Statement on declaration given by Independent Directors under Sub-Section (6) of Section 149 of the Companies Act, 2013:

The Independent Directors have submitted the Declaration of Independence, as required pursuant to Sub-Section (7) Section 149 of the Companies Act, 2013 stating that they meet the criteria of independence as provided in (6) of section 149 of Companies Act, 2013 and Regulation 16(1)(b) of the SEBI (Listing Obligations and Disclosures Requirements) Regulations, 2015.

Related Party Transactions:

All the related party transactions are entered in the ordinary course of business and on arms length basis they are in compliance with the applicable provisions of Companies Act 2013 and listing regulations. The disclosures relating to related party transactions as required in Form AOC-2 is enclosed to this report as Annexure-II.

The Company has adopted a related party transactions policy and the said policy as approved by the board is uploaded on the Companys website www.snryala.ta.com.

Particulars of Loans, Guarantees and Investments:

During the year under review, the Company has continued to maintain corporate loan to its wholly owned subsidiary, Suntree Solar Energy Private Limited. However, the Company has not provided any guarantees.

Particulars of Employees:

The details pursuant to Section 197(12) of the Companies Act, 2013 read with Rule 5 of the Companies (Appointment and Remuneration of Managerial Personnel) Rules, 2014 is enclosed as Annexure III.

Further during the year under review, the list of top ten employees in terms of remuneration drawn as set out in Rule 5 Companies (Appointment and Remuneration of Managerial Personnel) Rules, 2014 is enclosed as Annexure III.

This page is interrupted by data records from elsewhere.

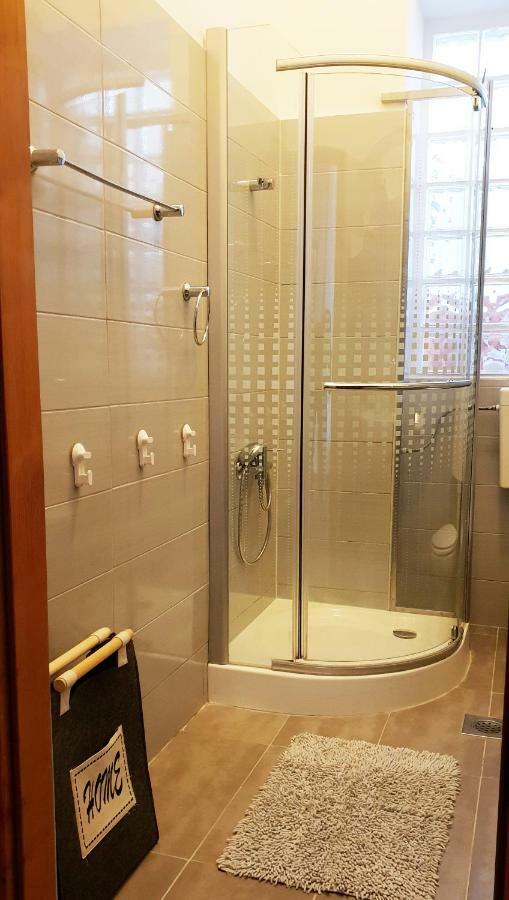 Apartman Kyra Póla Kültér fotó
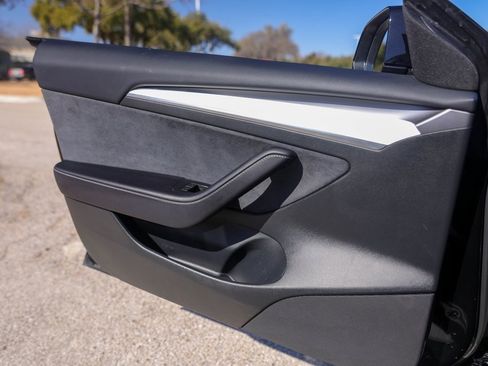 Used 2023 Tesla Model 3 Performance image 19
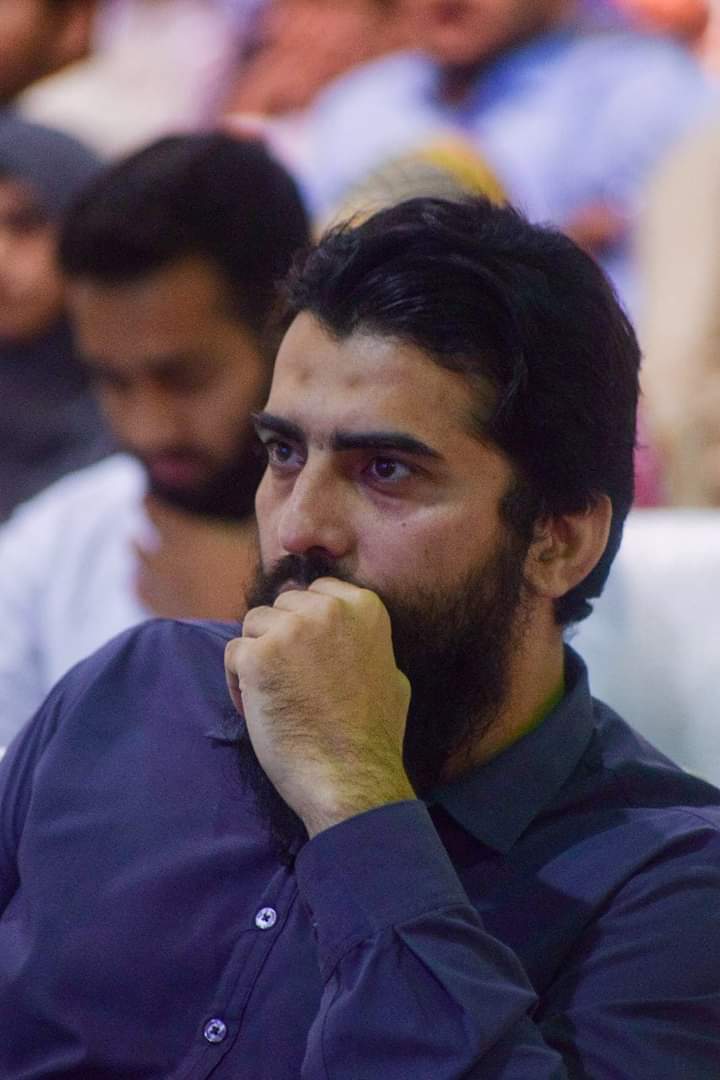 Al_Midrar's tweet photo. ہارنا کچھ نہیں ہوتا بیٹا ، تجھے ایک چیز آتی نہیں ہے اس لیے تجھے وہاں سے اگر گزار دیا تو آگے بڑی بلا مار دے گی تجھے.
Failure Is Nothing.
𝐒𝐡𝐚𝐲𝐤𝐡 𝐀𝐭𝐢𝐟 𝐀𝐡𝐦𝐞𝐝.
#sheikhatif #sheikhatifahmed #failure #failureisnotanoption #failureisnothing #shaykhatif https://t.co/SGYxUTsRDk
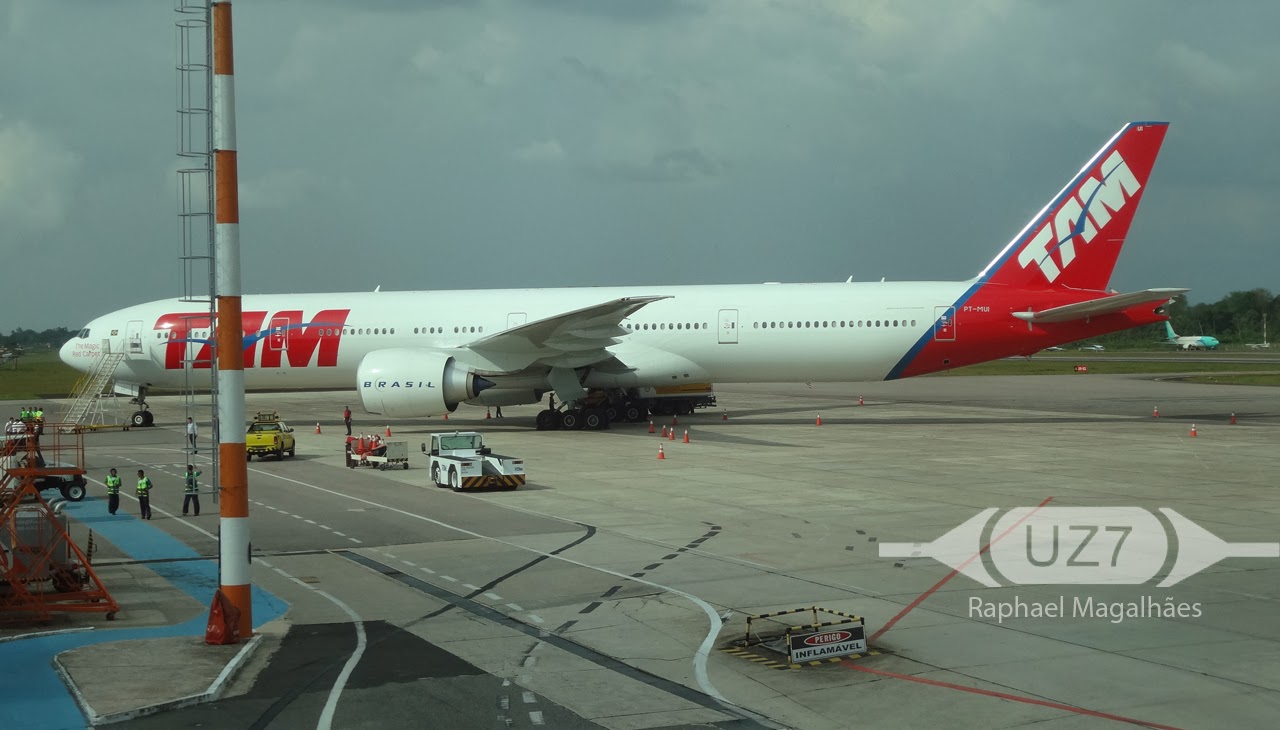[Brasil] Boeing 777-300ER TAM em SBBE (Belém) PTMUI1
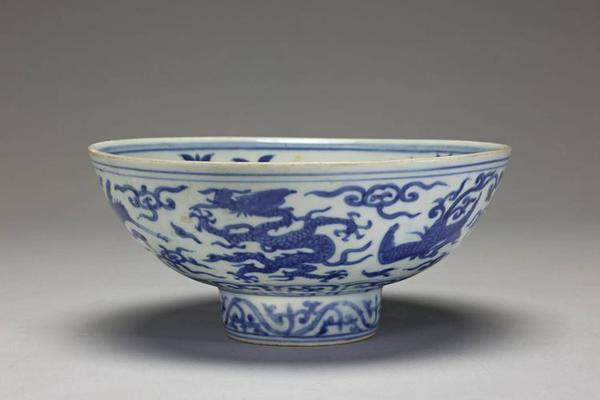 明  世宗  西元1522-1566年 嘉靖 青花龙凤寿字高足碗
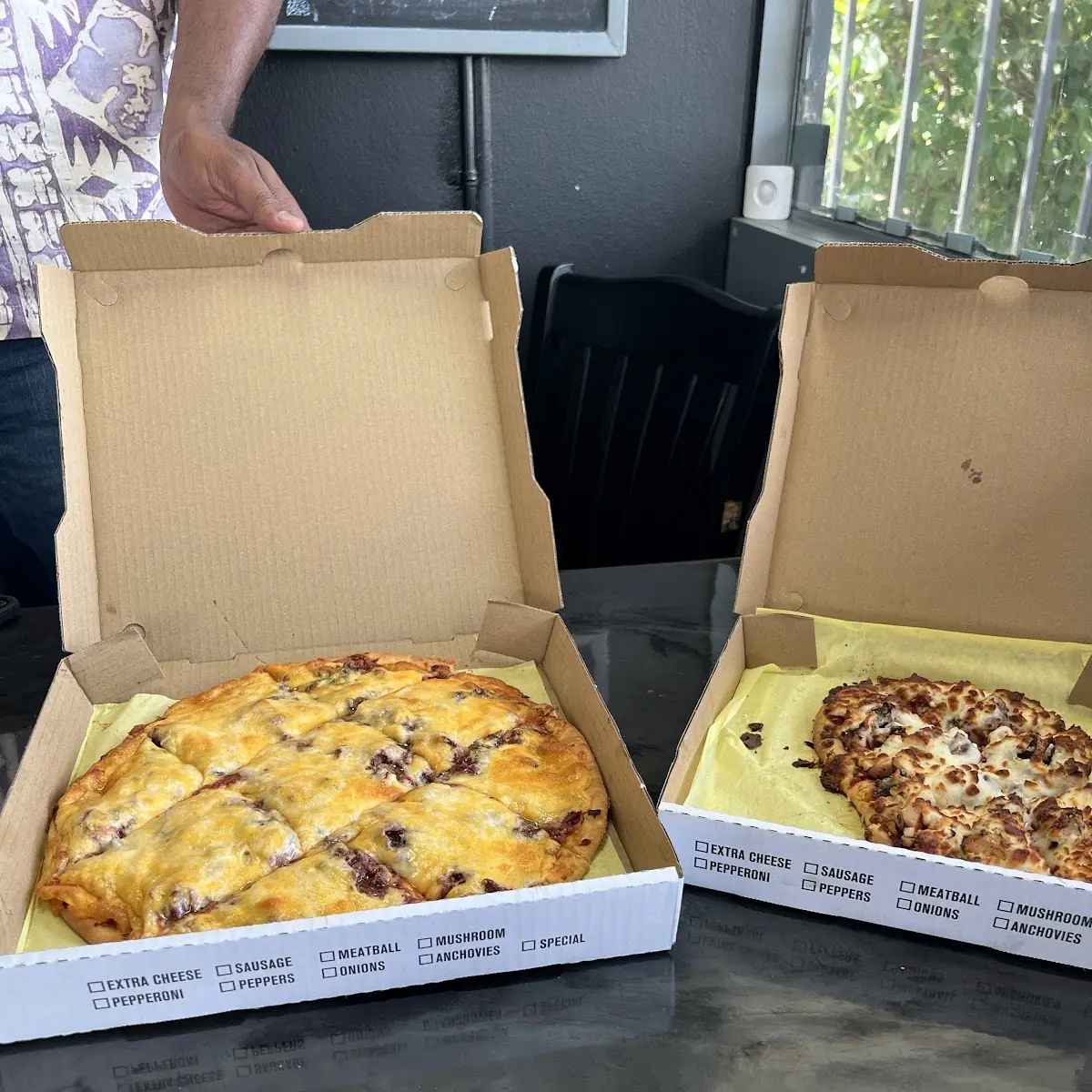 Large Oxtail Pizza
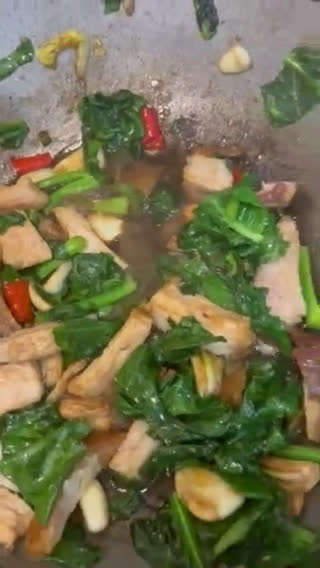 รูปขั้นตอนการทำที่ 4 ของ คะน้าหมูกรอบ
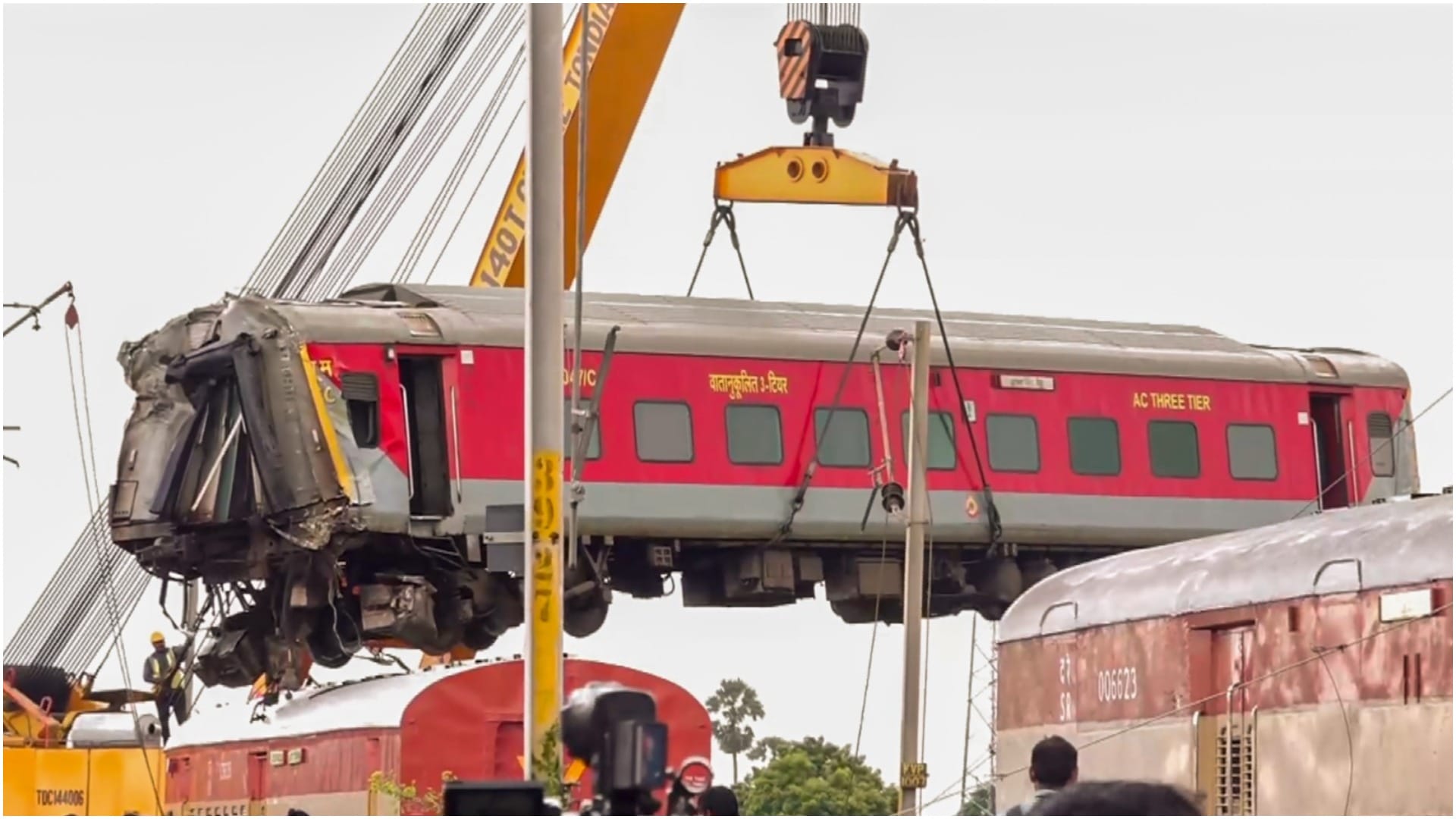 Bagmati Express left the main line and went to the loop line, shocking truth revealed in the data logger video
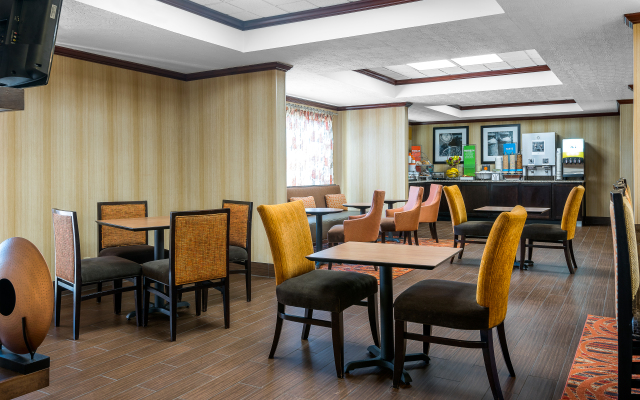 Hampton Inn Parkersburg-Mineral Wells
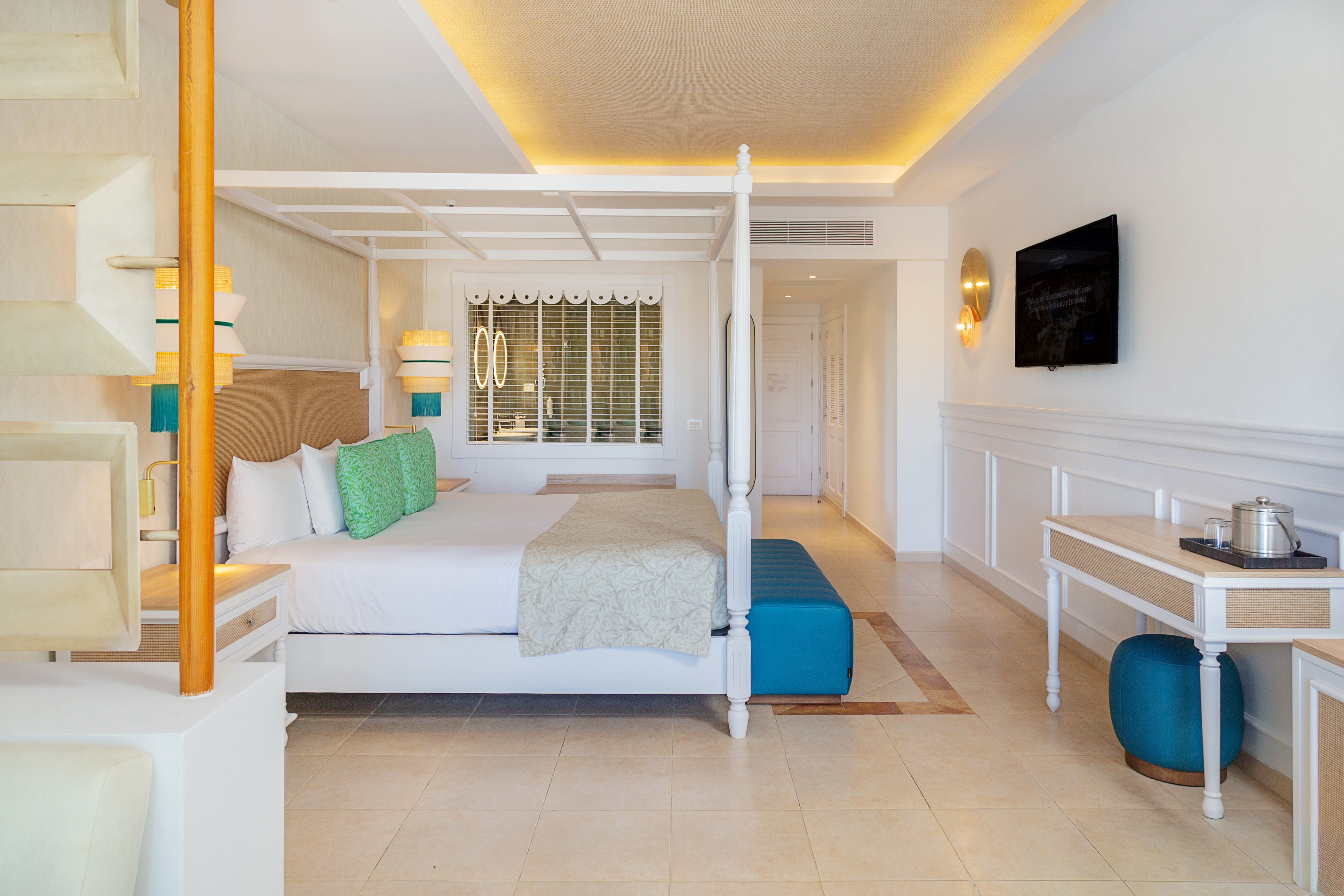 Junior Suite King Size Bed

Details of Directors and Key Managerial Personnels appointed or resigned during the year:

No Director or Key Managerial Personnel was appointed or resigned during the year in review.

Subsequent to the year under review, the Board appointed two additional Diructors Sri Ramasahayam Raghuram Reddy (DIN: 02431417) Sri Meka Yugandhar (DIN : 00012265) w.e.f. June 29, 2024. Accepted resignation of Khushboo Jain Company Secretary & Compliance officer upto June 30, 2024 and also appointed S. Venkata Rao (M.No. F4809) as Company Secretary & Compliance officer w.e.f July 15, 2024.

In accordance with the provisions of the Companies Act, 2013 and in terms of Articles of Association of the Company, Sri. Mahender Kumar Agarwal - Joint Managing Director of the Company is liable to retire by rotation at the ensuing Annual General Meeting and being eligible, offers himself for re-appointment.

Committees of the Board:

Currently the Board has four Committees:

1. Audit Committee;

2. Nomination and Remuneration Committee;

3. Corporate Social Responsibility Committee &

4. Stakeholders Relationship Committee.

Audit Committee:

The Audit Committee comprises of Sri R Surender Reddy, Chairman, Sri K R Suresh Reddy, Member and Sri Harishchandra Prasad Kanuri, Member. All the recommendations made by the members of Audit Committee were accepted by the Board.

Nomination and Remuneration Committee:

The Nomination and Remuneration Committee comprises of Sri K R Suresh Reddy, Chairman, Sri R Surender Reddy, Member and Sri Harishchandra Prasad Kanuri, Member.

Stakeholders Relationship Committee:

Stakeholders Relationship Committee comprises of Sri K R Suresh Reddy, Chairman, Sri Vithaldas Agarwal, Member and Sri Mahender Kumar Agarwal, Member.

The Scope of the committee shall include considering and resolving the grievances of the security holders of the company which may arise due to any of the reasons cited in the Stakeholders Relationship Committee of the company.

Corporate Social Responsibility Committee:

The Corporate Social Responsibility Committee consists of Sri R Surender Reddy, Chairman, Sri Vithaldas Agarwal, Member and Sri Mahender Kumar Agarwal, Member.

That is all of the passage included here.